Expectation Maximization

Agenda today

Reading

Problem for today

Goal, as usual: Maximize a likelihood

The idea behind EM:

For example: Clustering with normal mixtures

Suppose we have a set of points measured on one variable.

We think that they come from two clusters, and we want to find the centers of those clusters.

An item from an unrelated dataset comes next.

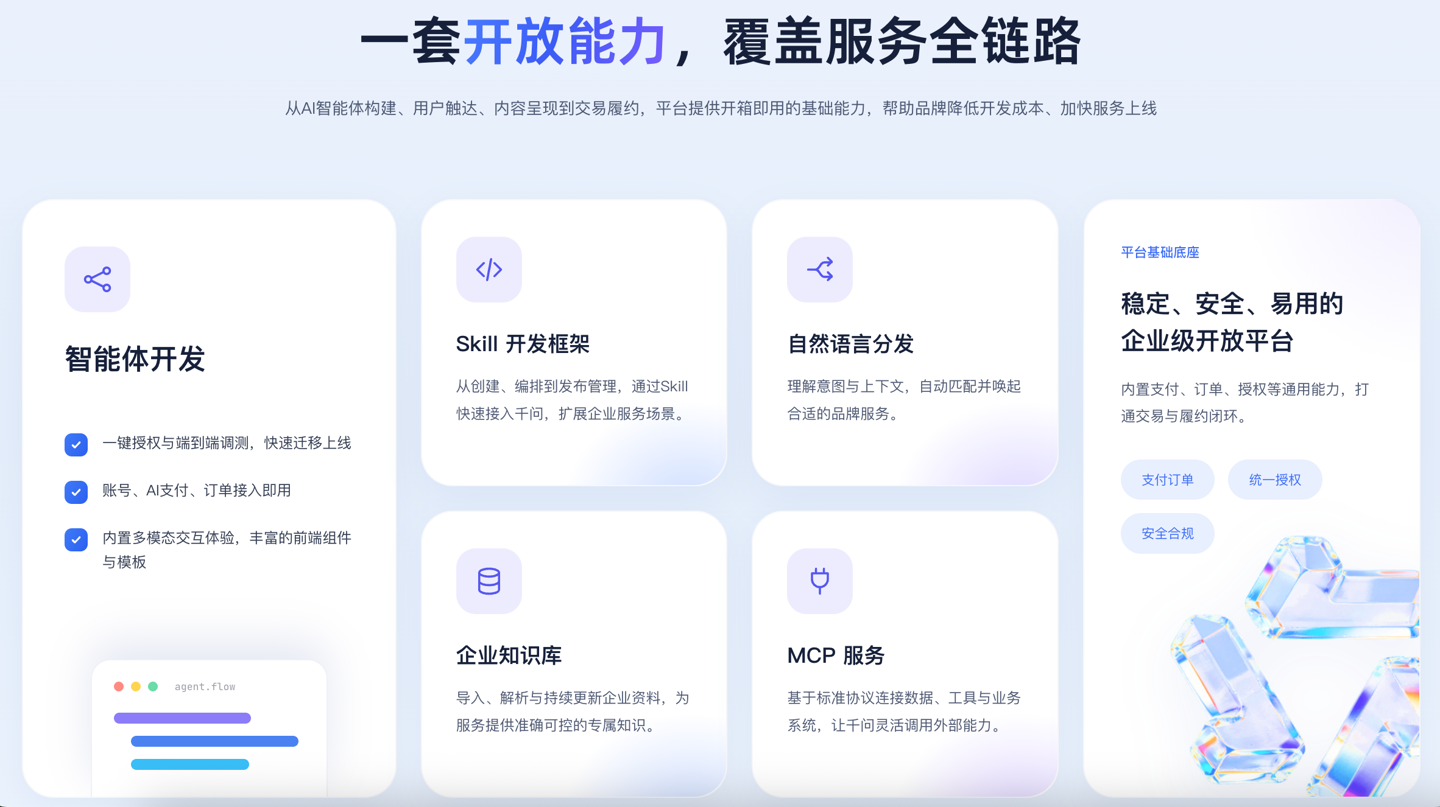 阿里千问开放平台上线,租房租车、寄快递等服务可对话办理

We can set up the following model for the data:

\[ \begin{align*} Z_i &=\begin{cases} 1 & \text{w.p. } p\\ 0 & \text{w.p. } 1 - p \end{cases}\\ Y_i \mid Z_i &\sim N(\theta_{Z_i}, 1) \end{align*} \]

Likelihood for the normal mixture example

We will let \(\phi_\theta\) be the normal pdf function, \[ \phi_\theta(y) = \frac{1}{2\pi} \exp \left(-\frac{(y - \theta)^2}{ 2} \right) \] so that we don’t have to rewrite it every time.

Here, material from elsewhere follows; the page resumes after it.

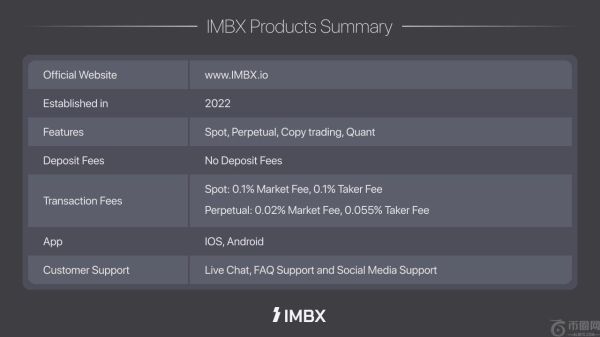 全球加密货币交易所“IMBX”推出下一代交易平台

Let \(y_i\), \(i = 1,\ldots, n\) be the observed data. In this model, the observed-data likelihood for one point is: \[ p \phi_{\theta_1}(y_i) + (1 -p)\phi_{\theta_0}(y_i) \]

And the overall observed-data log likelihood is \[ \log g(y \mid \theta) = \sum_{i=1}^n \log \left( p \phi_{\theta_1}(y_i) + (1 -p)\phi_{\theta_0}(y_i) \right) \]

Note: this problem is not as well-behaved as the ones we have seen before, the log likelihood in general has multiple local maxima.

EM: The algorithm

Suppose we have observed data \(Y\), missing data \(Z\), complete data \(X = (Y, Z)\), and parameters \(\theta\).

\(f(X\mid \theta)\) is the complete-data likelihood, \(g(Y \mid \theta)\) is the observed-data likelihood.

We would like to maximize \(g(Y \mid \theta)\) (or \(\log g(Y \mid \theta)\))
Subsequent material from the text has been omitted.